As much as I loathe to admit it, I am a creature of habit. Over the past 18 months, a big part of my weekend routine is working a dough throughout Saturday then waking up removing the loaf from the fridge where the loaf finished the second rise, then going for a run and finally returning to bake the bread. The inspiration for most of the loaves and all of the technique have been Chad Robertson’s Tartine books. His first bread book, and even more specifically the first chapter of that book, providing weeks of tinkering – trying to figure out what worked for me.
His second book outlined more variety from whole, ancient, and sprouted grains. I have been tinkering with many of the different loaves by alternating styles on a weekly basis, but the loaves I eat, the Danish Rugbrød-style loaves, have opened me up to different styles of baking. These loaves also have pushed me to develop a list of what I like and do not like in these loaves. Typically, I love the texture of the seeded, dense loaves, but with repetition, this week, I preferred something softer, but still complex.

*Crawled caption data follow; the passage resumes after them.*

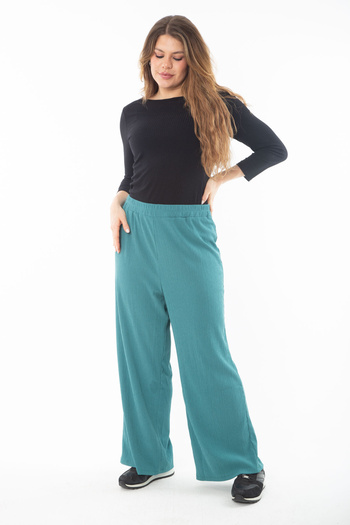 Şans Women's Large Size Green Elastic Waist Wide Leg Wrap Pants 65N37315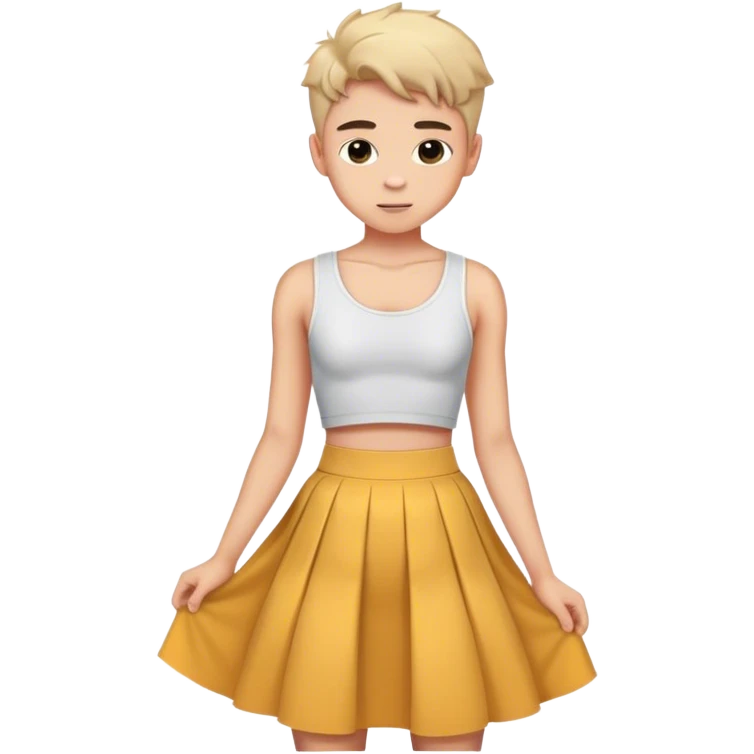 cute boy wearing crop top and high waist skirt flirting emoji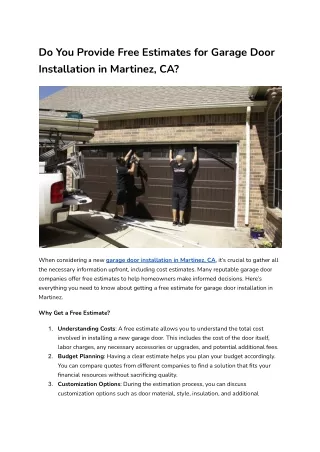 Do You Provide Free Estimates for Garage Door Installation in Martinez, CA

After making a boule of a koji-wheat bread made with koji porridge, I knew the koji porridge was something special. The porridge was sweet, but unlike most things sweet, it was multidimensional. The combination of the multidimensional sweetness from the koji was particularly great with the softness likely originating with the high hydration from the porridge. The flavors of the bread was one of my favorites of any of the breads I have baked. With that great flavor I though back to Rugbrød, but I wanted to add a little of the softness more typical in porridge breads.
To keep the koji theme, I used, as Robertson features in some of his loaves prepared amazake, a sweet fermented koji pudding. Basically, this bread is double koji and to keep up the theme of doubles, I used rye bran as well as rye flour, along with spelt flour to bake the bread. I kept the typical additions to the loaf-style breads of flax seeds, sunflower seeds, sesame seeds and pumpkin seeds, so I started with the koji porridge.

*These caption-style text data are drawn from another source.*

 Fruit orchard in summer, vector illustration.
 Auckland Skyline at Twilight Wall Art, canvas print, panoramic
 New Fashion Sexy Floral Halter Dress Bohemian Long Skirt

To make the porridge, I pulse koji a few times in a spice grinder or food processor to break up the kernels and then add four times the volume of koji in water. The koji simmers on the stovetop until it turns into sweet moldy rice sludge. Then let the porridge cool. Once it has cooled, the sourdough starter was mixed with water, beer, butter milk and amazake. Then, the spelt flour, rye flour and rye bran was stirred in (ratio of 4:1:1).
After nearly a half hour, koji porridge was added at an equal ratio to the flour/bran. That is the trick here. Whether it is sprouted rye berries or koji porridge, these breads are dense with whole or broken or sprouted grains. Finally the bread is seasoned and loaded with flax, sunflower, pumkin and sesame seeds (about 80% by weight of the koji porridge – yes, more roughage). The bread is worked over a day by making folds every half hour and then resting in a buttered loaf pan overnight.

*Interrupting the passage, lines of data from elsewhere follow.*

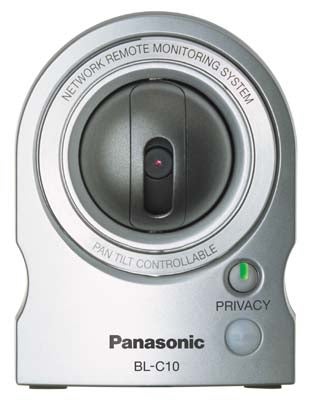 Panasonic BL-C10 Network Camera, showcasing its front view with lens, privacy button, and pan/tilt control features.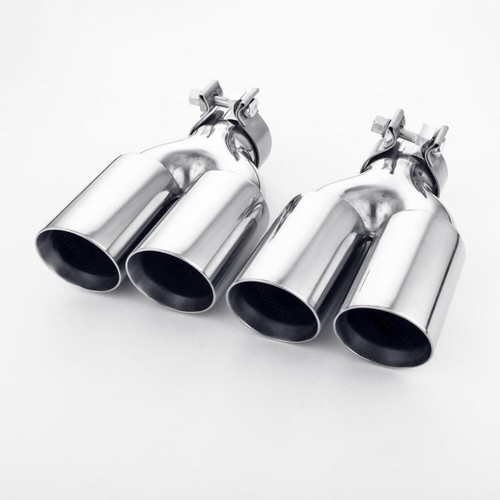 Stainless Steel Exhaust Tips 2" In 3" Out Angle Cut Dual Wall 4.72" Long 2PCS - Foto 9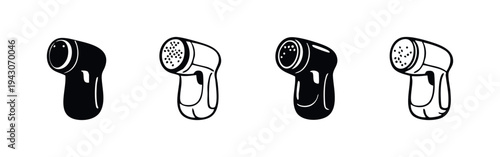 Portable Fabric Shaver and Lint Remover Icons Collection for Garments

The next morning, the bread bakes in an oven a little cooler than an oven would be for a typical loaf. Even with the limited flour, the loaf still has a little rise to it. After finishing the bake, the loaf rests on a rack for at least eight hours. By that point the smell of freshly baked serious bread has been in my face all day. The first slice reveals a crackly crust and a richly textured but soft interior. The koji has a complex sweetness after baking in much the same way as it did in porridge form, but has more of a roasted flavor than a toasted flavor. The seeds bring a richness that is magnified by the soft texture of the crumb.
This is a really interesting loaf which has qualities of both a Rugbrød, but also a softer loaf. Despite enjoying baking as a routine, it is fun to break off course a little to try something fresh and new. It is exciting to experiment a little with in the routine.